O documento aponta possíveis candidatos a governador e ao Senado, e também traz avaliações a respeito das candidaturas. Nesta quarta-feira (25/02), após visitar o ex-presidente Jair Bolsonaro (PL), preso na Papudinha, Flávio admitiu a autoria dos registros, mas ponderou que algumas opiniões escritas no material são de outras pessoas.

Para São Paulo, as notas mencionam o ex-deputado Eduardo Bolsonaro como possível candidato ao Senado, em chapa com Tarcísio de Freitas ao governo e Guilherme Derrite (PP-SP) na primeira vaga à Casa.

Além de Eduardo, outro familiar aparece entre os cotados à segunda vaga paulista: Renato Bolsonaro, irmão do ex-presidente Jair Bolsonaro.
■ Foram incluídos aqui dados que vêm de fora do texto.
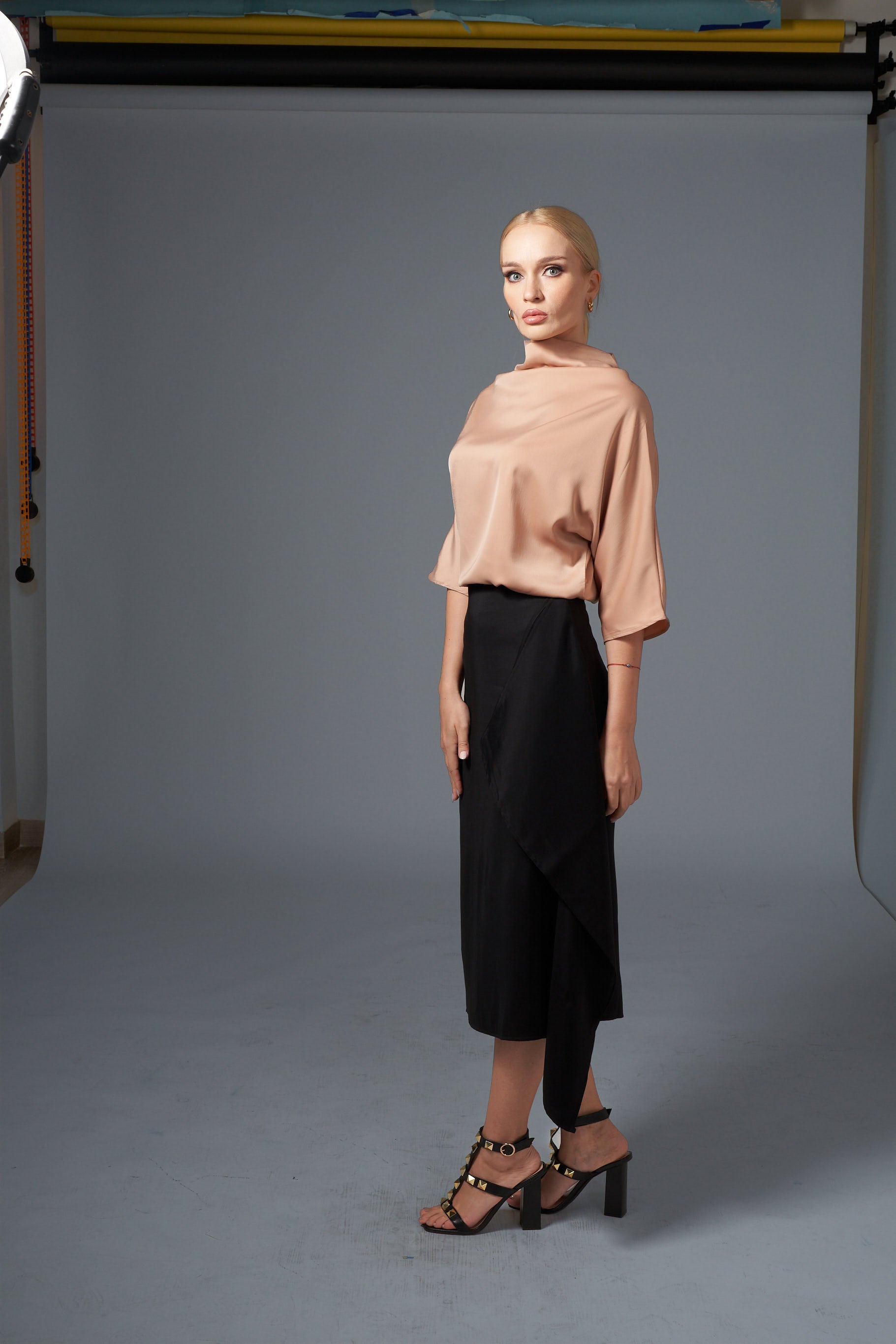 Alexa Asymmetric Shirt - Champagne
Também são citados os deputados Marco Feliciano (PL-SP) e Mario Frias (PL-SP), além do vice-prefeito da capital, coronel Mello Araújo.
Em Minas Gerais, vários nomes são mencionados para o Senado, com possibilidade de escolha entre
Carlos Viana (Podemos-MG), Marcelo Aro, Eros Biondini (PL-MG) e Domingos Sávio (PL-MG).

Para o governo mineiro, Flávio Bolsonaro defende o lançamento do presidente da Federação das Indústrias do Estado de Minas Gerais, Flávio Roscoe. Pedro Simões, apontado como preferido de Romeu Zema para a sucessão, é citado com ressalvas e indicado para a vice. “Me puxa p/ baixo. Se for candidato, Cleitinho e [Rodrigo] Pacheco também são”, registrou.
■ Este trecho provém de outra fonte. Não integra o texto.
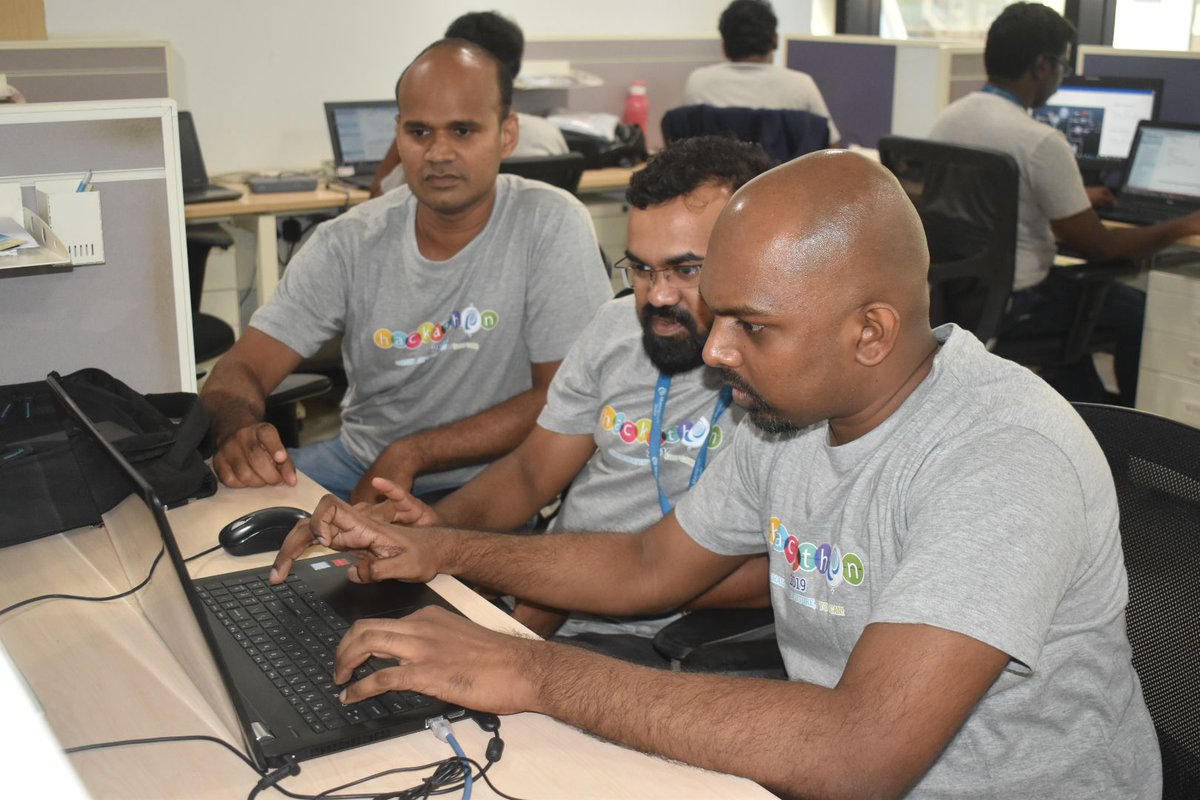 Innovatix_Inc's tweet image. Macrosoft Hackathon 2019 continues.. 
#macrosoft #hackathon #hacking #hack #hacker #developer #computerscience #coding #technology #hackerman #hacked #hackerspace #hacktivist #h #hackinstagram #hacks #tech #innovation #bizhacks #programming #code #google #iot #vr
No Ceará, Ciro Gomes, do PSDB, é citado como possível candidato ao governo, desde que a chapa inclua um integrante do PL na vice. Para o Senado, aparecem os nomes de Alcides Fernandes, Priscila Costa e Roberto Cláudio. Em Pernambuco, Mendonça Filho (União-PE) é mencionado como alternativa do PL à adesão à eventual campanha de reeleição da governadora Raquel Lyra.

As anotações também indicam impasse na formação de chapa no Distrito Federal. A vice-governadora Celina Leão é apontada como possível candidata ao governo, desde que a disputa ao Senado seja composta por Michelle Bolsonaro e Bia Kicis (PL-DF). “Se Ibaneis for candidato ao Senado, não dá para oficiar com Celina”, escreveu.

No Paraná, a vitória de Deltan Dallagnol em uma vaga ao Senado é tratada como certa. Filipe Barros é citado como nome do PL, com observação para que não haja aliança com Cristina Graeml, do Podemos. “Não dá, atrapalha Filipe”, anotou. Guto Silva e Sergio Moro aparecem como opções ao governo.

No Estado do Piauí, fortaleza eleitoral do PT, nenhum nome é mencionado para a disputa ao governo. No Senado, são listados Tiago Junqueira, do PL, e o senador Ciro Nogueira (PP-PI).